Anfangs fest umklammert: Chris Reher. Foto: Patrick Skrzipek

Schade, gegen CZ Jena reicht’s für Dynamo nur zu einem 1:1 (1:1), nichts ist es mit dem zweiten Regionalliga-Sieg in Folge. Aber immerhin ein Punkt, das Spiel hätte auch ganz anders ausgehen können.

Denn Halbzeit eins gehört glasklar den Gästen, dass die Weinrot-Weißen nur 0:1 durch Slamar (37.) zurückliegen, ist fast ein Wunder. BFC-Trainer Benbennek hinterher: „Da waren wir viel zu passiv, nicht handlungsschnell im Kopf.“

Richtig wichtig: Förster trifft fast mit dem Pausenpfiff zum Ausgleich (45.). Das 1:1 liegt Jena schwer im Magen, verschafft Dynamo aber neue Luft. Nach der Pause sind fast nur die Hohenschönhauser am Drücker. Benbennek: „Da haben wir uns ins Spiel reingekämpft.“ Plötzlich geht doch was, auch wenn die Beine von Minute zu Minute schwerer werden.
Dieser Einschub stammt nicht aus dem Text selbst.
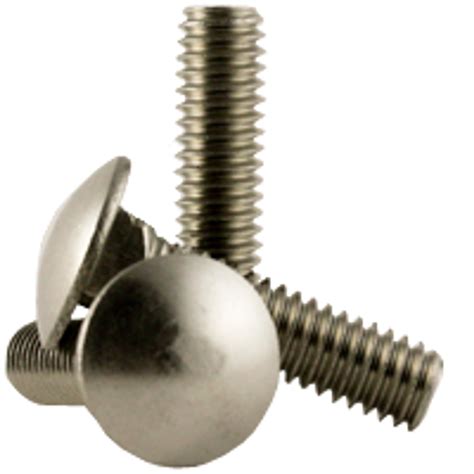 38 16 X 1 12 Stainless Steel Carriage Bolts Aft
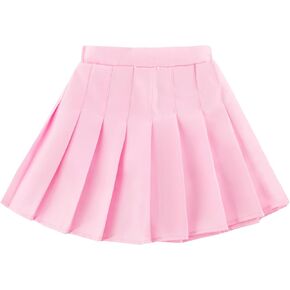 Girls Pleated Skirts Built in Shorts Little Kid Athletic Flowy Skorts Skirts Toddler Girls Tennis Skorts for Girl 3-14 Years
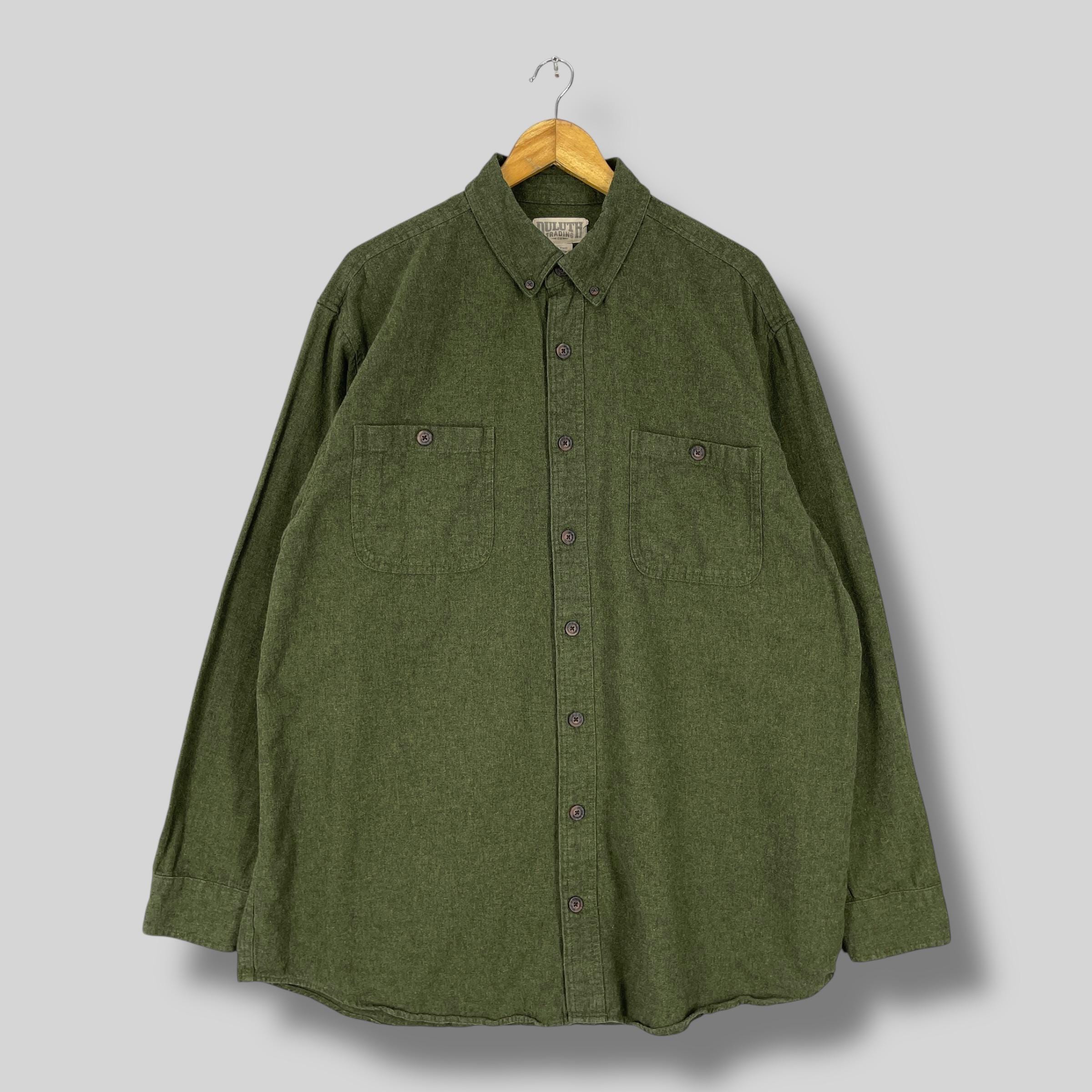 Duluth Trading Co Free Swingin camicia di flanella uomo XL vestibilità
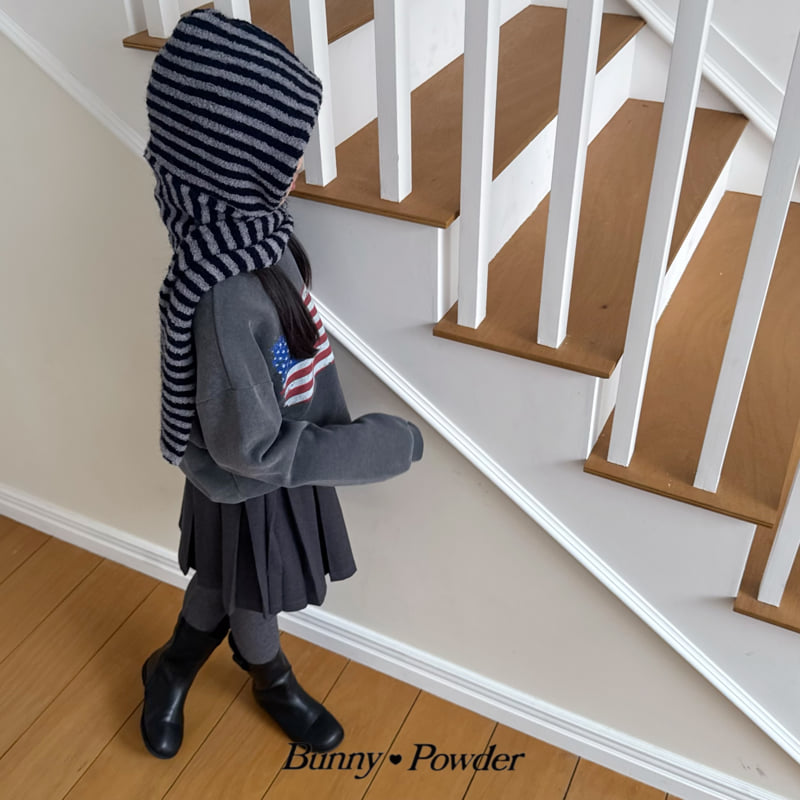 Bunny Powder - Korean Children Fashion - #todddlerfashion - Raccoon Hood Muffler - 3
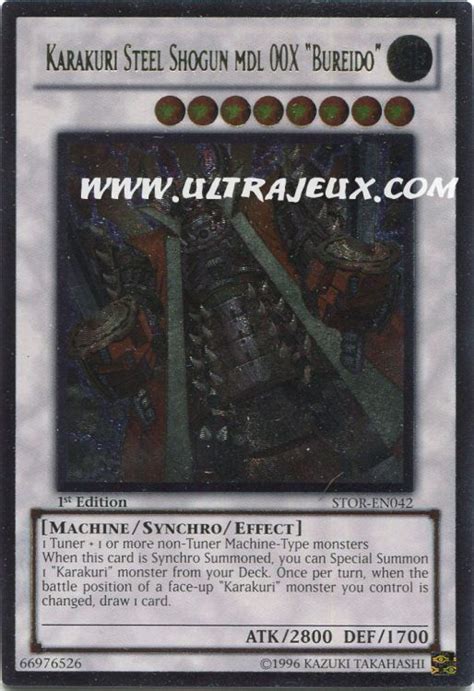 Karakuri Steel Shogun Mdl 00x Bureido STOR EN042 UL Carte Yu Gi O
Die kurze Vorbereitung in Corona-Zeiten fordert besonders in der Englischen Woche Tribut.

Deshalb ist Benbennek am Ende auch halbwegs zufrieden: „Die Mentalität hat gestimmt, die Jungs haben bis zuletzt auf Sieg gespielt.“ Die nächste Chance, den zu holen, ist am Sonntag in Luckenwalde.